Y: The Last Man ist eine Institution in der Welt der Comic-Bücher, oft ist die Reihe aus der Feder von Brian K. Vaughan ganz weit oben mit dabei, wenn es um eine Auflistung der "besten Graphic Novels aller Zeiten" geht auf diversen einschlägigen Ranglisten-Websites. Somit stieß ich nicht lange, nachdem ich anfing, mir wohlnährendes Futter für meine neue Comic-Leidenschaft im Internet zu suchen, auf all die Lobpreisungen und himmlischen Hymnen auf die Geschichte von Yorick Brown und dem ganz besonderen post-apokalyptischen Setting, in welchem er sich durchschlagen muss.

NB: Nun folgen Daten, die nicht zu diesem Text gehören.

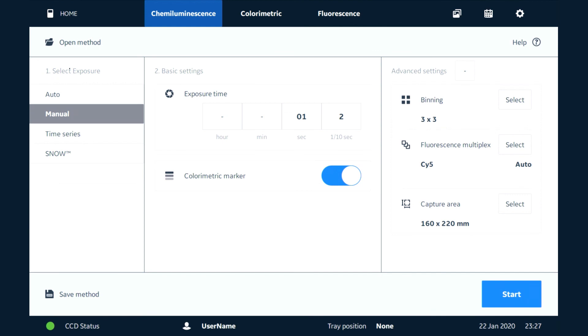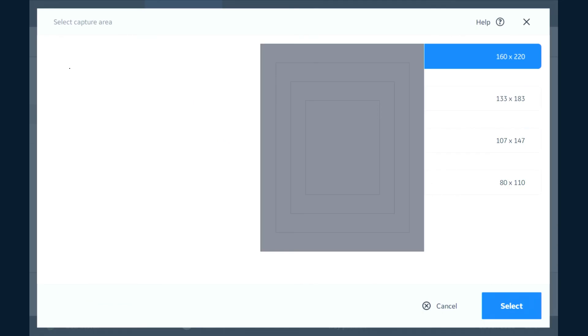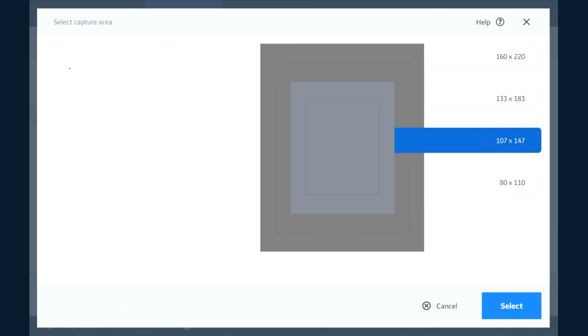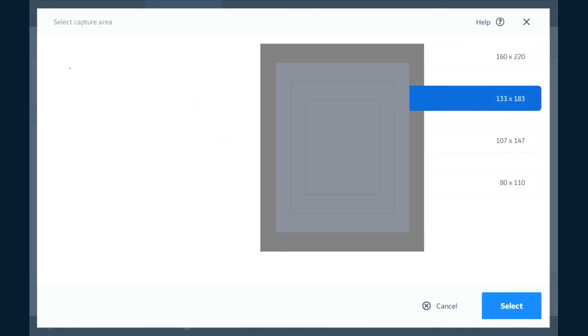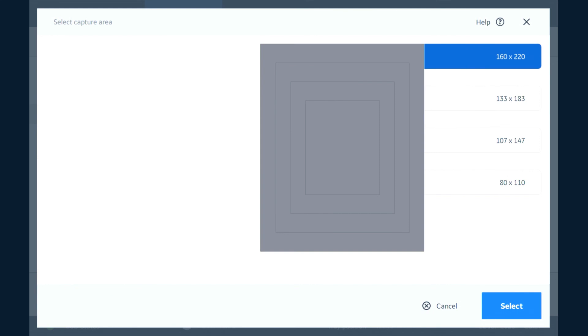The final thing we can look at here in the advanced settings is to select the capture area, and you can see this is a way to pre-crop our image if we have a smaller sample size than the size of the plate that we've selected.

Ich war schnell von der Grundidee der Reihe angefixt, und freute mich nach der Lektüre von Locke & Key, die doch recht kurz von Dauer gewesen war, auf eine mit 60 Einzel-Issues und (für mich) zehn zusammenfassenden Trade-Paperback-Bänden längere und vermutlich epischere Geschichte. Wie auch schon The Sandman, erschien Y: The Last Man desweiteren beim DC-Ableger Vertigo, was für mich ebenfalls nach einem Qualitätsmerkmal klang, und einen weiteren Grund gab, die Reihe zu beginnen. (Im späteren Verlauf meiner Reise durch die Comic-Welt sollte sich diese Einschätzung nur mehr und mehr verhärten, so viel sei kurz am Rande erwähnt).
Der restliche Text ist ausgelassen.